Anyway, as Quix often points, the LP is supporting evidence for MS and if your LP is normal, it doesn't mean that you don't have MS.
In 2001, I had a bone marrow transplant that stopped the progression of my MS and saved my life. If I hadn't had the transplant, I wouldn't be here right now. One thing I learned as they basically killed my immune system and regrew it, is that MS is a problem with the immune system, I am proof of that. I think it is more likely that whatever MS exactly is destroys oligodendrocytes as it attacks the myelin and suppresses the immune system from acting to save the body. I know this sounds like something that can't happen, but it makes sense. I think that MS is not one disease, but rather a couple acting together, or maybe one very nasty disease that just isn't being nice to me or anyone else with MS.
Justin
I'd like to know that too. lol
I'm new to this and may have completely misunderstood.
But would it mean that the results of an LP for OCB bands if done very early from the onset of MS symptoms would be more likley to come back normal?
Here is a plainer English interpretation of this study, which looked at the pathology of lesions in the brains of people who had MS:
http://www.acceleratedcure.org:8080/node/3585
The main points seem to be
1. Some unknown factor is causing the oligodendrocytes (cells that make myelin) to die; this is followed by myelin breaking down
2. The T and B immune cells arrive later and thus don't seem to be the cause of the lesions or the myelin loss
3. The T and B cells are present during remyelination so it's possible that they are actually helpful
"The authors interpret their findings to indicate that plaques grow through loss of oligodendrocytes on the plaque border, which is followed by myelin breakdown, scavenging of debris by phagocytes, and infiltration of immune cells such as T cells.
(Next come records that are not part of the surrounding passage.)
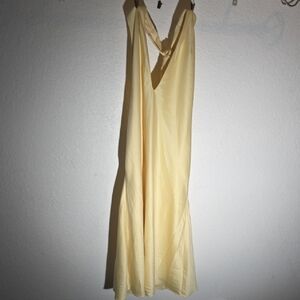 Wild Fable Yellow Maxi Dress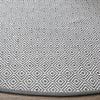 Safavieh Montauk MTK515 Ivory/Grey Area Rug Detail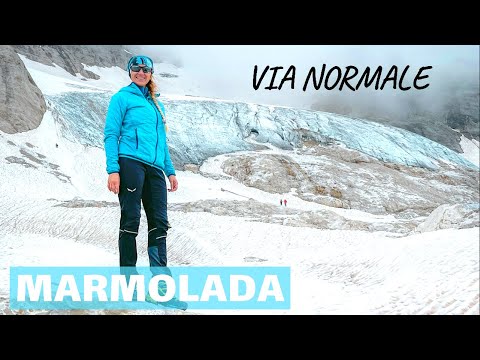 Via normale Marmolada | PUNTA PENIA 3.343 MT - Dolomiti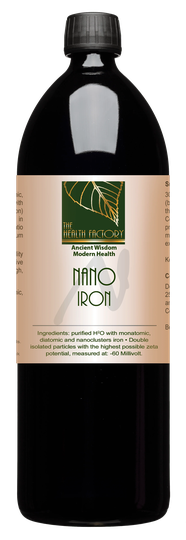 The Health Factory Nano Iron, 1 Ltr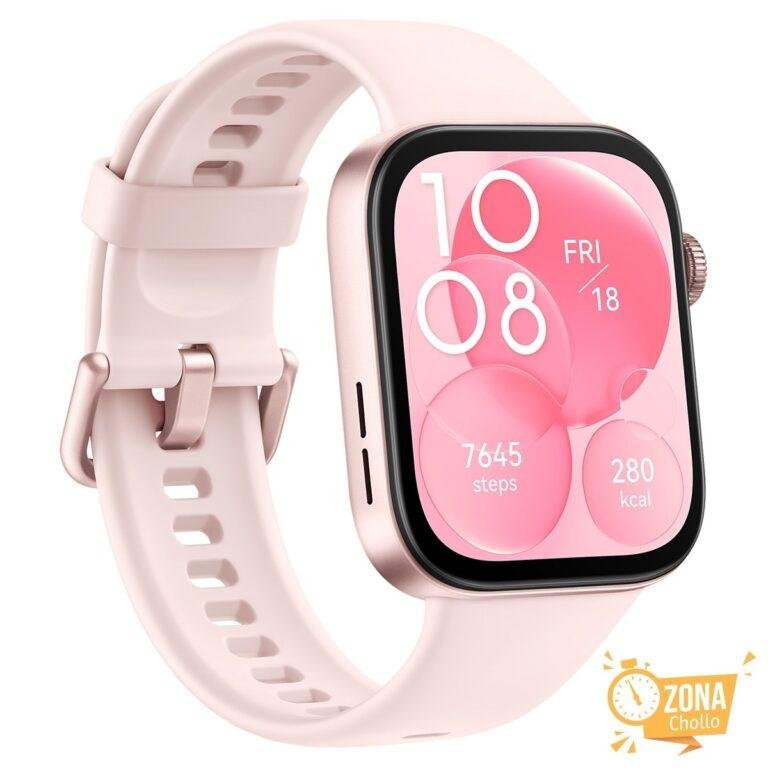 Huawei Fit 3 Smartwatch (Reacondicionado Grado C) – Rosa · El Corte… — 69 € -56%
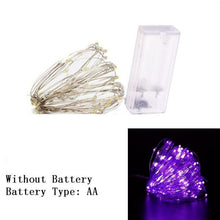 Copper Wire LED String Lights Christmas Decorations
What causes the oligodendrocytes to die is not known -- for instance, it could be toxic elements seeping outward from the plaque, factors produced by activated microglia, or something else. The fact that T cells are not abundant in areas where phagocytes are actively scavenging myelin debris suggests that this process is not activated by T cells but instead is initiated by the macrophages themselves, similar to what is seen in injured tissue. The presence of T and B cells in greater numbers in recently demyelinated tissue indicates that these cells are part of the immune system's response to demyelination, as opposed to being a driver of the demyelination. Also, the fact that these cells are present where remyelination is taking place suggests that they don't prevent the regeneration process and may even help it."
sho
Me too, Me too!!! And it is fascinating...or at least I "think" it is...lol
Me too! Like the one I posted the other day, it'll take me at least a week to go through the material and try to make some sense of it. This research stuff is so fascinating, and yet so beyond the capabilities of my little (scarred) pea-brain.
thanks Sho for sharing this one .... I do think there will be an answer to the cause of MS sometime in my lifetime.
I'll have to read this again and again to begin to understand this.
be well,
Lulu
Some earlier work by one of the same people on the pathology MS lesions:
http://www.cpnhelp.org/files/Ref1_Annals04.pdf
Relapsing and remitting multiple sclerosis: pathology of the newly forming lesion. Barnett MH, Prineas JW. Ann Neurol. 2004 Apr;55(4):458-68.